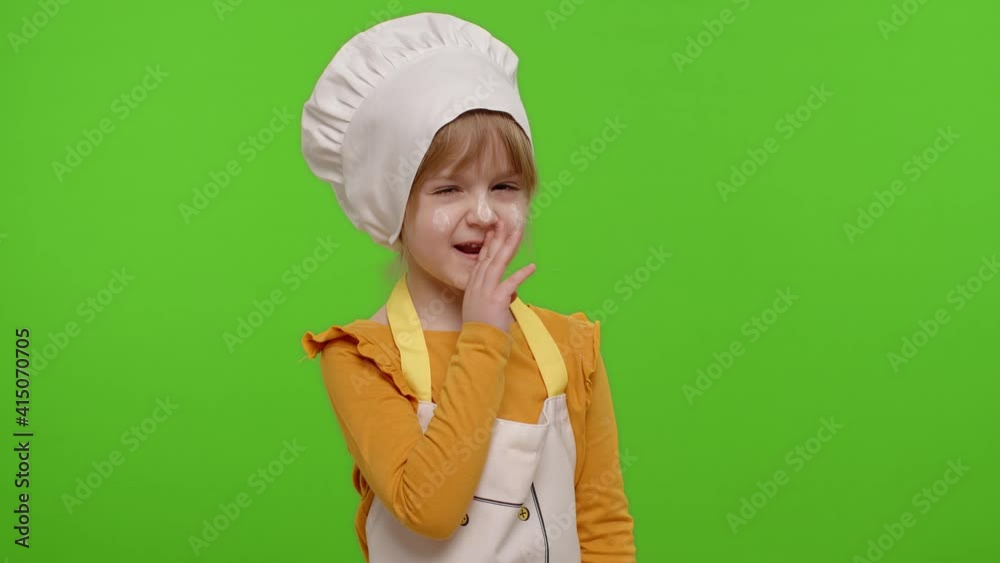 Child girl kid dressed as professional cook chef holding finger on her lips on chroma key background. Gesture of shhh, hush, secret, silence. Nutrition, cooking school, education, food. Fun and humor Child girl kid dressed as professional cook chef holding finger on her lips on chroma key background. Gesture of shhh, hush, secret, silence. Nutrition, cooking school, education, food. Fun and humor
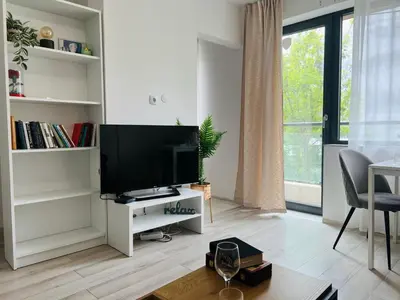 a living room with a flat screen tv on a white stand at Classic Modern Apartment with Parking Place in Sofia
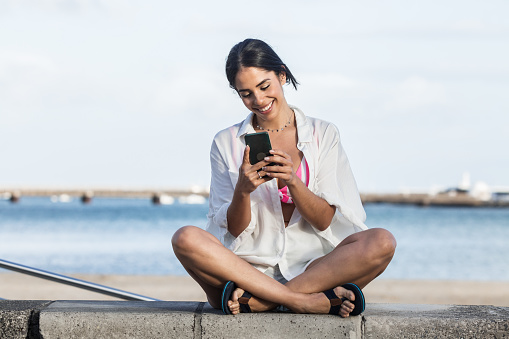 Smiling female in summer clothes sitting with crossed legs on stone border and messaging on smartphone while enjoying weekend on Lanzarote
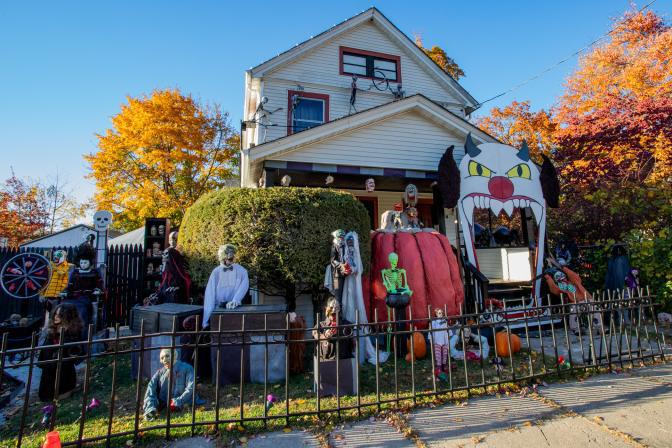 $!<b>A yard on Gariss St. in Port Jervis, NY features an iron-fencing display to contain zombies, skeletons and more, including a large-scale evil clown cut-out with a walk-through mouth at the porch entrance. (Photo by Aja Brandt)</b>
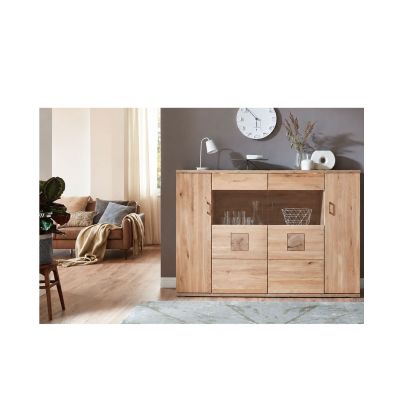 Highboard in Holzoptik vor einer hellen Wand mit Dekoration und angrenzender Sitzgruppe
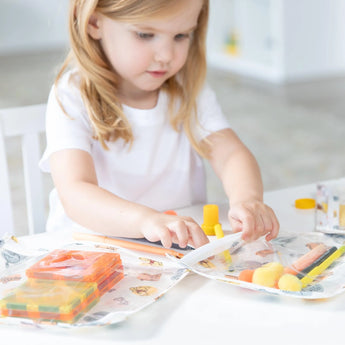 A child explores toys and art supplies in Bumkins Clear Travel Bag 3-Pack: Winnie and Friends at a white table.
◇ ◇ ◇ ◇
* [Problem details]:
An exact copy of the lines from the one with "Highboard in Holzoptik" through the end of the entries above, both included, is the whole answer. It contains no pictures.

* [Output for this task]:
 Highboard in Holzoptik vor einer hellen Wand mit Dekoration und angrenzender Sitzgruppe
 A child explores toys and art supplies in Bumkins Clear Travel Bag 3-Pack: Winnie and Friends at a white table.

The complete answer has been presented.